* _Directions for this task_
All entries must be given again exactly as written.

[[ Given data, beginning ]]

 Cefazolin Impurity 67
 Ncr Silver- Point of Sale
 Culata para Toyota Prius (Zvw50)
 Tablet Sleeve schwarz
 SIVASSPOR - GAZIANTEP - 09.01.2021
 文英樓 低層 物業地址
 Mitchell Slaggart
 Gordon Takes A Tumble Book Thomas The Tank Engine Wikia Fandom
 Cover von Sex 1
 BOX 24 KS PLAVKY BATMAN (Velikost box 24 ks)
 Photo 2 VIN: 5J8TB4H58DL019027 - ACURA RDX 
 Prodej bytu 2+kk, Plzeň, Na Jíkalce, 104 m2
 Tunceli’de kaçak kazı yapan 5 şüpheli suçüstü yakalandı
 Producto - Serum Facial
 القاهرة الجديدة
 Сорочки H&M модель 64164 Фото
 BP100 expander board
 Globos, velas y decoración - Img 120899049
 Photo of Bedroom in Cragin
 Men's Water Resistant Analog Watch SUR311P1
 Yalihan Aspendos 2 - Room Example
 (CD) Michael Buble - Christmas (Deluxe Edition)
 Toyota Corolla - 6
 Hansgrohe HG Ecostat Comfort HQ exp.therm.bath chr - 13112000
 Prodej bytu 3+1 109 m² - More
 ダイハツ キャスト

[[ Given data, end ]]

* _Answer section_
 Cefazolin Impurity 67
 Ncr Silver- Point of Sale
 Culata para Toyota Prius (Zvw50)
 Tablet Sleeve schwarz
 SIVASSPOR - GAZIANTEP - 09.01.2021
 文英樓 低層 物業地址
 Mitchell Slaggart
 Gordon Takes A Tumble Book Thomas The Tank Engine Wikia Fandom
 Cover von Sex 1
 BOX 24 KS PLAVKY BATMAN (Velikost box 24 ks)
 Photo 2 VIN: 5J8TB4H58DL019027 - ACURA RDX 
 Prodej bytu 2+kk, Plzeň, Na Jíkalce, 104 m2
 Tunceli’de kaçak kazı yapan 5 şüpheli suçüstü yakalandı
 Producto - Serum Facial
 القاهرة الجديدة
 Сорочки H&M модель 64164 Фото
 BP100 expander board
 Globos, velas y decoración - Img 120899049
 Photo of Bedroom in Cragin
 Men's Water Resistant Analog Watch SUR311P1
 Yalihan Aspendos 2 - Room Example
 (CD) Michael Buble - Christmas (Deluxe Edition)
 Toyota Corolla - 6
 Hansgrohe HG Ecostat Comfort HQ exp.therm.bath chr - 13112000
 Prodej bytu 3+1 109 m² - More
 ダイハツ キャスト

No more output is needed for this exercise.